What
if the importer cannot arrange L/C?
There are cases when traders do business without
L/C terms. For instance, a buyer may not be able
to obtain a L/C from his bank due to tight regulations.
Another reason is when the buyer resides in a country
where banks do not issue L/C at all. There are also
cases when the exporter does not need a L/C since
the buyer is a credible leading company or the importer's
good financial standing is very well known to the
exporter from the long standing business relationship.
Generally speaking, exporting to an unknown overseas
importer without L/C terms is rather risky, as there
is no guarantee against non-payment by the importer.
Nevertheless, there are two terms of settlement
through documentary collection without using L/C.
They are commonly called D/P (Documents against
Payment) terms and D/A (Documents against Acceptance)
terms.
What is D/P Terms?
Under D/P terms, the exporter ships the good and
presents the bill of exchange to his negotiating
bank together with B/L and other shipping documents.
Then, the bank may pay the exporter against the
documents, provided that there is a previous arrangement
between the bank and the exporter to do so.
However, in most cases, the bank does not pay
the exporter immediately, but mails the documents
to its correspondent bank (reimbursing bank/collecting
bank) in the importer's country. The reimbursing
bank then notifies the importer on the arrival
of the documents. When the importer pays the bill
of exchange at the reimbursing bank, the bank
notifies the negotiating bank in the exporter's
country to confirm payment from the importer.
On the receipt of this notice, the negotiating
bank pays the exporter and the settlement is finished.
This way of settlement is called "Collection
of Documentary Bill of Exchange" which is
explained more in detail in the next section.
It should be noted that this method of settlement
entails certain risks for the exporter. For instance,
if the importer does not pay the bill of exchange
and refuses to accept delivery of the goods, the
exporter has to dispose of the goods in a foreign
country. Therefore, the exporter may have to find
another buyer either in the designated country
or elsewhere.
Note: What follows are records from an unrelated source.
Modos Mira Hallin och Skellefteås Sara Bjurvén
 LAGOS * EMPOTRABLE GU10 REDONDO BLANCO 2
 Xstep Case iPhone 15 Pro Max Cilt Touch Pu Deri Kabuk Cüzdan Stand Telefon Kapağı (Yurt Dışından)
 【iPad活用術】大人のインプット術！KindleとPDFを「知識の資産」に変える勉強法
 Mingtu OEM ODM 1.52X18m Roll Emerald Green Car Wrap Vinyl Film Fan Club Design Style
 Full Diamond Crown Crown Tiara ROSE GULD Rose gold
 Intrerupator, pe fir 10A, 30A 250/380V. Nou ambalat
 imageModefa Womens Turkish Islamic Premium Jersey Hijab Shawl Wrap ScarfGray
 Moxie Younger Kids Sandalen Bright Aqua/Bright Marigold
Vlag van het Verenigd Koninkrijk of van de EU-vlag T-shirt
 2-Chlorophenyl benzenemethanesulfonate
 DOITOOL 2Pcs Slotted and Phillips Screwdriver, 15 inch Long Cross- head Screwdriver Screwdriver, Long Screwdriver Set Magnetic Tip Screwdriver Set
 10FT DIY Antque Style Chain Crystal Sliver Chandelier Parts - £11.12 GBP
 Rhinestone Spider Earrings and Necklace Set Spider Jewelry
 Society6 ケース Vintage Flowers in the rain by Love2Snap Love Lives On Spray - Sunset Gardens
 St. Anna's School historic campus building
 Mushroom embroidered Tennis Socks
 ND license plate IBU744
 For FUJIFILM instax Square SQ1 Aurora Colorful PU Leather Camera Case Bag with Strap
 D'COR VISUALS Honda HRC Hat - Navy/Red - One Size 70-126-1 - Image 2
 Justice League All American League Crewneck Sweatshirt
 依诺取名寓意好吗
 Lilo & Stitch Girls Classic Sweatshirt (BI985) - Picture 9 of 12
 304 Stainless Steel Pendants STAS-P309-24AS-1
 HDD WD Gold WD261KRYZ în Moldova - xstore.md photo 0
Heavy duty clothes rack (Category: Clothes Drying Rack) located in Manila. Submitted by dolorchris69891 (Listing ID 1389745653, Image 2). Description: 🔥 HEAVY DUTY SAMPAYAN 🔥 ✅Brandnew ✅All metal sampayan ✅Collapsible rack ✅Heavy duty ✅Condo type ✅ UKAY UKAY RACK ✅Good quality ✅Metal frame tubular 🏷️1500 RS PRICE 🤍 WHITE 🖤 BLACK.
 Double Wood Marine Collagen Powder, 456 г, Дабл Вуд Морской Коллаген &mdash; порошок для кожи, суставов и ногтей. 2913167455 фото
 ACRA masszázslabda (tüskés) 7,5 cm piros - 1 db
Even if he does find another buyer,
he may have to sell his goods at a lower price.
In addition, the exporter has to bear the cost
of insurance and storage of the goods until they
are disposed.
What is D/A terms?
Using D/A terms, the exporter gives a grant of
deferred payment to the importer. If the exporter
is assured of the importer's integrity, he may
grant him a credit facility. The process for D/A
up to the arrival of the documents at the reimbursing
bank in the importer's country is the same as
that of D/P. After the reimbursing bank notifies
the importer on the arrival of the documents,
the importer checks the documents and agrees on
payment (promises to pay at a later date), then
the bank hands over the documents to the importer.
What is Usance Bill?
Under D/A terms, the exporter draws the bill of
exchange with grant of credit terms called "Usance
Bill" on the importer. "Usance"
means the time limit for the drawee to honour
the bill. With this arrangement, the importer
is allowed a grace period for the payment (from
30 to 180 days later after sight). This method
poses a great advantage for the importer, because
he can sell the goods during the credit period
and pay later. However, for the exporter, this
is even more risky than D/P terms due to obvious
reasons.
How does Trust Receipt
function?
In the case of settlement on D/A terms (usance
terms), the importer is allowed to delay the payment
for such a period of 30, 60, or 90 days after
seeing the documents including B/L. Theoretically,
during this grace period, he is allowed not to
execute payment at the reimbursing bank (collecting
bank), though he cannot receive the documents
from the bank, for as a rule, the documents are
handed over to the importer in return for payment.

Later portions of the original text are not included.